* **RECORD SET**:
*** Block opens ***

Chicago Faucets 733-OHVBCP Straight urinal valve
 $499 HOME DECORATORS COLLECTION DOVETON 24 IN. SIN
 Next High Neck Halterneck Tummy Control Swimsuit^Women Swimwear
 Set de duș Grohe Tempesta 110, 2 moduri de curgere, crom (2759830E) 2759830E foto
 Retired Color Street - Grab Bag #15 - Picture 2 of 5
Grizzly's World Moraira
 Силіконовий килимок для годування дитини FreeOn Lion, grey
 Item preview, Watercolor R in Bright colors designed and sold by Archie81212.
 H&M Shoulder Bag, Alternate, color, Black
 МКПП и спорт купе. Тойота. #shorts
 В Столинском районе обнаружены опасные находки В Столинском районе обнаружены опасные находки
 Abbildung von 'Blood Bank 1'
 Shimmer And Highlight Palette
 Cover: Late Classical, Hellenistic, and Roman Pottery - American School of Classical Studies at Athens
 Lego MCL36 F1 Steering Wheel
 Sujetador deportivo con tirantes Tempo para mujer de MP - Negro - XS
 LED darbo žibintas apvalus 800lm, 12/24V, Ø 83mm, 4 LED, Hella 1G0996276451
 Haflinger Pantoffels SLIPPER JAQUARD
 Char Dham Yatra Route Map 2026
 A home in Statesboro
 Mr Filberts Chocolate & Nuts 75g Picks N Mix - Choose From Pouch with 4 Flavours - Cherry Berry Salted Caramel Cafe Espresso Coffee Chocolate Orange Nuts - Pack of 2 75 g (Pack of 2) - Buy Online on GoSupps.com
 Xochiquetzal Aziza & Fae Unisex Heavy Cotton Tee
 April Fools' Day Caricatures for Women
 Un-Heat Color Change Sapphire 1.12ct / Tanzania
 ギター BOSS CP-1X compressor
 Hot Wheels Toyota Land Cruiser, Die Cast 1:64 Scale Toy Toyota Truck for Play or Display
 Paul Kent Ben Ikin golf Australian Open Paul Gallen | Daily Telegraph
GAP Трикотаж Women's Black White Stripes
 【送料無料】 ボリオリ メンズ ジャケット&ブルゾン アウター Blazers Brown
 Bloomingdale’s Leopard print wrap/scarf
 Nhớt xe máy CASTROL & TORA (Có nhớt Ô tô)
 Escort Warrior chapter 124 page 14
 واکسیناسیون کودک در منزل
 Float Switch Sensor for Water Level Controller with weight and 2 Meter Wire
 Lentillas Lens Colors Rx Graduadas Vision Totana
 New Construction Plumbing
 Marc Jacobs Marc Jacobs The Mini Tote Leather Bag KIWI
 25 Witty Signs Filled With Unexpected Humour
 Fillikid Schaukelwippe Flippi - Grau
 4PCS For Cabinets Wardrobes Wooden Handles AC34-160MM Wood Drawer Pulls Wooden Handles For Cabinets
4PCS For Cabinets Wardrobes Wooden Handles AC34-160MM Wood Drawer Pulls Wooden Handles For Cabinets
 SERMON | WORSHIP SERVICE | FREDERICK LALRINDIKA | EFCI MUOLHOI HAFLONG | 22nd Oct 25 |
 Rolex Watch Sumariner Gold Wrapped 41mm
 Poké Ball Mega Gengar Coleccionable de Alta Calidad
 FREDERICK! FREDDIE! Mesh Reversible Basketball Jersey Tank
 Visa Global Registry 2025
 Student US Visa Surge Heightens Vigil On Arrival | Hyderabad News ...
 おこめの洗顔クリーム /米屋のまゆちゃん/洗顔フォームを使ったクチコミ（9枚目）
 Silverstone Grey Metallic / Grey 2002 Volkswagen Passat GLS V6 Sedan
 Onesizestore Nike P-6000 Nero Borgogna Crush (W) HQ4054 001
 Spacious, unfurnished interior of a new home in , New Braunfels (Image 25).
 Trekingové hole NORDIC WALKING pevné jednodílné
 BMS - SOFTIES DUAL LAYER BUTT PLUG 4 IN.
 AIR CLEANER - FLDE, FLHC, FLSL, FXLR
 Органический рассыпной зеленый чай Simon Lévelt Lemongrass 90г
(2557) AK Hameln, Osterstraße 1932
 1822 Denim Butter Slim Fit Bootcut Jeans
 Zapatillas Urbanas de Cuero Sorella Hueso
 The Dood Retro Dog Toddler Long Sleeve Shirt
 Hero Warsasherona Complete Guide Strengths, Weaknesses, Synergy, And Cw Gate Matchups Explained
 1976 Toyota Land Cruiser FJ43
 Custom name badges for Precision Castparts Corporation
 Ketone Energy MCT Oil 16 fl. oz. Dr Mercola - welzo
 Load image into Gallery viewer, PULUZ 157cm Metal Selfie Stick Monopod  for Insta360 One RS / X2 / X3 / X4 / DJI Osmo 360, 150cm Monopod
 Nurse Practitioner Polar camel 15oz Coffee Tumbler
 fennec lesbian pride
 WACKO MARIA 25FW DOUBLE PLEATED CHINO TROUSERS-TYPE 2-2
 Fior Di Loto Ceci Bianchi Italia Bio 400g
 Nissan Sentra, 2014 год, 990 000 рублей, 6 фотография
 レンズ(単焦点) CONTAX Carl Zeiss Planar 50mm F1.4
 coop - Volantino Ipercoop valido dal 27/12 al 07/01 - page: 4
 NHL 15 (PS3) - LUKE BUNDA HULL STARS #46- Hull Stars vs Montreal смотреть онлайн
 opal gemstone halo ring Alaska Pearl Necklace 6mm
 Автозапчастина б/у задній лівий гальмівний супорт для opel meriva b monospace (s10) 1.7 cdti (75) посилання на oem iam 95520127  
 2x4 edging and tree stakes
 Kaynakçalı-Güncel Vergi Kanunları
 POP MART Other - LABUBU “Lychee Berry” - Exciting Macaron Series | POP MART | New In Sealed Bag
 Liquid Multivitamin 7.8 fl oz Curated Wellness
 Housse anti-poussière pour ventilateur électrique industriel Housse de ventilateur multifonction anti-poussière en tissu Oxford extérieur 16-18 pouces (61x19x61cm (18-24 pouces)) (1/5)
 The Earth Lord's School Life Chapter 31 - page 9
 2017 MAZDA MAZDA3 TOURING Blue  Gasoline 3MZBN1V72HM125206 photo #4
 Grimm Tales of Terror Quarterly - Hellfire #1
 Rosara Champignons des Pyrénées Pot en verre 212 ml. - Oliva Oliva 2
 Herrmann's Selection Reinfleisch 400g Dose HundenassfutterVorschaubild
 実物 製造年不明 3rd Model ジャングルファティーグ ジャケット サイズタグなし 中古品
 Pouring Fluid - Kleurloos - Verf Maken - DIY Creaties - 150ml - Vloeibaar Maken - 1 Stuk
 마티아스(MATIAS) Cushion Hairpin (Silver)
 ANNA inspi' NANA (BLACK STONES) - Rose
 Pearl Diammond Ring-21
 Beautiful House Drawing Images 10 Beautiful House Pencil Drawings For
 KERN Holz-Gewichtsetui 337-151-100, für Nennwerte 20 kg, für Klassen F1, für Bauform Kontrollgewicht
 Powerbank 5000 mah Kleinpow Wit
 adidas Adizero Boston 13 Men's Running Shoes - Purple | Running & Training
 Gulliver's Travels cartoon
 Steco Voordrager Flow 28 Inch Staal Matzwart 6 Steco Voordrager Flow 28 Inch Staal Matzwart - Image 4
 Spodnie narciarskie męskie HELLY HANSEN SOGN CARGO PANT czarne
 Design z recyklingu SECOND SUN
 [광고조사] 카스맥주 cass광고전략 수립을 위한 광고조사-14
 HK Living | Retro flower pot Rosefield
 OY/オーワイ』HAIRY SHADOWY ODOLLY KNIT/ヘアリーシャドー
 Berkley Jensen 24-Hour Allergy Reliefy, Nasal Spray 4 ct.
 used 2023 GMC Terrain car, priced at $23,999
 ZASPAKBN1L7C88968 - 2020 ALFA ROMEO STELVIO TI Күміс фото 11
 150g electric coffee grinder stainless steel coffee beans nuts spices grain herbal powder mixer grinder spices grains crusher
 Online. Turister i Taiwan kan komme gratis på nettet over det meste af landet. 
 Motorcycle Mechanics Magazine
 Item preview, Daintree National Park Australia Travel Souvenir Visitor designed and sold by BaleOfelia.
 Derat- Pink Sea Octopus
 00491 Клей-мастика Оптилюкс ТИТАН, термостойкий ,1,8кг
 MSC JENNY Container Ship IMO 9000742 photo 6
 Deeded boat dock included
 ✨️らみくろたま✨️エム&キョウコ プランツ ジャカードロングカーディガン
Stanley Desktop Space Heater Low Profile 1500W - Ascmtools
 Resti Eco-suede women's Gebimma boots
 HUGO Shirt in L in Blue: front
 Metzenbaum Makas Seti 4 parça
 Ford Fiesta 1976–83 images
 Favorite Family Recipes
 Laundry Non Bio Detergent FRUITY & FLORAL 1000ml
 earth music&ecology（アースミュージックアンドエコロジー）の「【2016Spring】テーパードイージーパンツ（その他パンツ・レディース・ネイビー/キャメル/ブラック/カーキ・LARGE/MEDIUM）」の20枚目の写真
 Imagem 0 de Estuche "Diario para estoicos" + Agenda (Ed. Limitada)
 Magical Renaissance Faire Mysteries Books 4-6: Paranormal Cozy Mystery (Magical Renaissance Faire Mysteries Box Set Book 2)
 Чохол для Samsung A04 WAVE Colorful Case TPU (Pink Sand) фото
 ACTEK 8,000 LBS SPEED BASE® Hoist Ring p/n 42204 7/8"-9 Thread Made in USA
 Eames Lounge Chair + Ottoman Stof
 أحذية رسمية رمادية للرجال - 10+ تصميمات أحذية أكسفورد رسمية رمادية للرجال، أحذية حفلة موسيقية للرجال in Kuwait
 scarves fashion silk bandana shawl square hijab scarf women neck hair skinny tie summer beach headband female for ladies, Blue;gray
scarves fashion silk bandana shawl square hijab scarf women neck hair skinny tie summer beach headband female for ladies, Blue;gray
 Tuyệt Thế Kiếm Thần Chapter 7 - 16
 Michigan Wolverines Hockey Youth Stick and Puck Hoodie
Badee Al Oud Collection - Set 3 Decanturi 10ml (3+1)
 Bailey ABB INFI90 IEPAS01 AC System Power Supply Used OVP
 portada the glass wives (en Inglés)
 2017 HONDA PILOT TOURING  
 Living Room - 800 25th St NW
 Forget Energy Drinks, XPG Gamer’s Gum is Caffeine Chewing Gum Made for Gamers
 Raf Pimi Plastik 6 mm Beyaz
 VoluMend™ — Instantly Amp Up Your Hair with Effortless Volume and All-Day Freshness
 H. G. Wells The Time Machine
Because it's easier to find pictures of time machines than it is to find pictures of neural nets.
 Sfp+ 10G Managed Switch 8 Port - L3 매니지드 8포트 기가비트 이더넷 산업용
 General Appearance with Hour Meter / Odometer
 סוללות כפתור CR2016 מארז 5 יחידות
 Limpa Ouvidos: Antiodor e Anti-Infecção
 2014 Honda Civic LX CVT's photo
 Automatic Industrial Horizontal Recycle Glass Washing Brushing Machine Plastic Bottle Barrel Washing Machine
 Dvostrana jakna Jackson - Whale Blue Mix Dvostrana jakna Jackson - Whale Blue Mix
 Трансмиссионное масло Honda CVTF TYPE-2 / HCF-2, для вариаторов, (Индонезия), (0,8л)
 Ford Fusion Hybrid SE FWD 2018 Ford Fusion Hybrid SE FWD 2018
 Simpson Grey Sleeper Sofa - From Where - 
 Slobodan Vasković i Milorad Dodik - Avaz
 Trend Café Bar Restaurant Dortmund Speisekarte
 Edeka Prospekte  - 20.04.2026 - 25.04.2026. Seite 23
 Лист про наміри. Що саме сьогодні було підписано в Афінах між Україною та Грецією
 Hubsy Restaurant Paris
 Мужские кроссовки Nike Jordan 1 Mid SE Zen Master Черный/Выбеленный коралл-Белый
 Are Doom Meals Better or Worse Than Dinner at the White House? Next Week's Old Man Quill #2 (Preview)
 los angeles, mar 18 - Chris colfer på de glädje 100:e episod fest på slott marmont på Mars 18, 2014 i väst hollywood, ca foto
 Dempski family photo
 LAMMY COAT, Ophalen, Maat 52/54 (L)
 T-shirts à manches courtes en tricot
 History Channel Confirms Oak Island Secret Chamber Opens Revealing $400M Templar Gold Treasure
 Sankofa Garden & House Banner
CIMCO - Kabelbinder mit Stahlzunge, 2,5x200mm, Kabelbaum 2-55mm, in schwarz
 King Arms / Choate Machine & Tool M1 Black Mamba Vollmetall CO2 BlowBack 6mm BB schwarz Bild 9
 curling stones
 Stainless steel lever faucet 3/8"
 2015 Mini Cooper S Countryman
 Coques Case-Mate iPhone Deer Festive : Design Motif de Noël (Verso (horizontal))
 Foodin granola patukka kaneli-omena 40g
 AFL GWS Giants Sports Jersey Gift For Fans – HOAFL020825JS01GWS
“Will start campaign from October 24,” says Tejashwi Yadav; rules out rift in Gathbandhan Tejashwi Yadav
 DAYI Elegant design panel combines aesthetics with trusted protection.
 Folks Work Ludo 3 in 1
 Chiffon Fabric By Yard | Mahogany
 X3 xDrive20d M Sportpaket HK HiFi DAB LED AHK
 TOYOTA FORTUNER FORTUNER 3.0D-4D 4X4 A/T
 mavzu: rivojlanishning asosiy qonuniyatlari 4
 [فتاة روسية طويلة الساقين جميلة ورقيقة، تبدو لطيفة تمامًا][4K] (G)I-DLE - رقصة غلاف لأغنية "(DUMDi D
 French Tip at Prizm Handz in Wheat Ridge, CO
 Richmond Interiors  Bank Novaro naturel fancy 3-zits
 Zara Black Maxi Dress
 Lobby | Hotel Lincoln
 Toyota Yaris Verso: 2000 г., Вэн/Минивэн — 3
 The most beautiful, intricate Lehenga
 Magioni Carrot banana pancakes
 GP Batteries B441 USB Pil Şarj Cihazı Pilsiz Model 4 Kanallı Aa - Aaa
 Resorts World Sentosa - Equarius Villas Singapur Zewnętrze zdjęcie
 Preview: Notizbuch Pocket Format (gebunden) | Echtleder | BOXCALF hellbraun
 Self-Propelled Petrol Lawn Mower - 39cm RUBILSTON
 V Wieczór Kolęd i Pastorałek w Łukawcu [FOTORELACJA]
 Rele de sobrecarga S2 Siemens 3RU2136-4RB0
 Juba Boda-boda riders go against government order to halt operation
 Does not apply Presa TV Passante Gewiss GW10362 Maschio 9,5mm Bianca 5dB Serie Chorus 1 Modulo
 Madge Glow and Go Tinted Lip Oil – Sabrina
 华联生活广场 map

*** Block closes ***

* **TASK STATEMENT**: Of the entries above, transcribe exactly those lines that fall between the line containing "В Столинском районе обнаружены опасные находки В" and the line containing "アウター Blazers Brown", together with those two lines.

* **RESPONSE TO THIS EXERCISE**:
 В Столинском районе обнаружены опасные находки В Столинском районе обнаружены опасные находки
 Abbildung von 'Blood Bank 1'
 Shimmer And Highlight Palette
 Cover: Late Classical, Hellenistic, and Roman Pottery - American School of Classical Studies at Athens
 Lego MCL36 F1 Steering Wheel
 Sujetador deportivo con tirantes Tempo para mujer de MP - Negro - XS
 LED darbo žibintas apvalus 800lm, 12/24V, Ø 83mm, 4 LED, Hella 1G0996276451
 Haflinger Pantoffels SLIPPER JAQUARD
 Char Dham Yatra Route Map 2026
 A home in Statesboro
 Mr Filberts Chocolate & Nuts 75g Picks N Mix - Choose From Pouch with 4 Flavours - Cherry Berry Salted Caramel Cafe Espresso Coffee Chocolate Orange Nuts - Pack of 2 75 g (Pack of 2) - Buy Online on GoSupps.com
 Xochiquetzal Aziza & Fae Unisex Heavy Cotton Tee
 April Fools' Day Caricatures for Women
 Un-Heat Color Change Sapphire 1.12ct / Tanzania
 ギター BOSS CP-1X compressor
 Hot Wheels Toyota Land Cruiser, Die Cast 1:64 Scale Toy Toyota Truck for Play or Display
 Paul Kent Ben Ikin golf Australian Open Paul Gallen | Daily Telegraph
GAP Трикотаж Women's Black White Stripes
 【送料無料】 ボリオリ メンズ ジャケット&ブルゾン アウター Blazers Brown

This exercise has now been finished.